The litigants challenging the constitutional authority of the bankruptcy court in Bellingham and Stern were third parties who had been sued by the bankruptcy estate. In Wellness, however, the debtor who voluntarily chose to file his bankruptcy petition after a stinging defeat in the federal court system had belatedly challenged the bankruptcy court’s constitutional authority after losing a fight over his discharge and his ownership of trust assets in that court. The Supreme Court will have to resolve a conflict between the Seventh Circuit and other U.S. Courts of Appeals over the bankruptcy court’s ability to decide routine property ownership issues.
Practically, a lender who has successfully pursued a debtor in the court system and is then confronted with its debtor’s bankruptcy does not want to spend valuable resources and more time litigating over whether the bankruptcy court can determine what assets are included within the debtor’s bankruptcy estate. Until Wellness, other appellate courts had regularly held that bankruptcy courts had the power to determine whether property in the debtor’s possession belongs to the estate under Bankruptcy Code § 541 as federal law claims despite the presence of state-law issues.
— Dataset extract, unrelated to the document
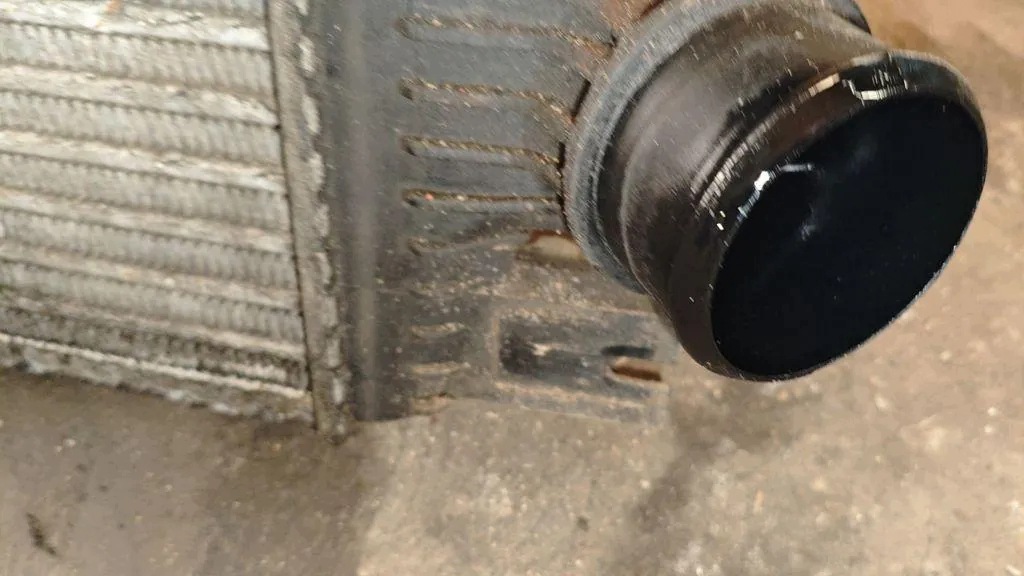 Intercooler Alfa Romeo 159 2.4L 154kW OEM 68740909 image 5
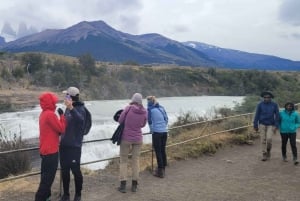 Puerto Natales: Full-Day Torres del Paine Tour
In re Johnson, 960 F.2d 396 (4th Cir. 1992) (holding that bankruptcy courts continue to have authority to enter final orders and actions against debtor to determine whether property in debtor’s possession belongs to bankruptcy estate); In re Croft, 737 F.3d 372, 374 (5th Cir. 2013) (holding that actions under Code § 541 are federal claims although issues of state law present). The Seventh Circuit’s narrow focus on state law issues in Wellness would shift much of the usual bankruptcy court litigation to the district courts, creating unnecessary delay and expense to creditors.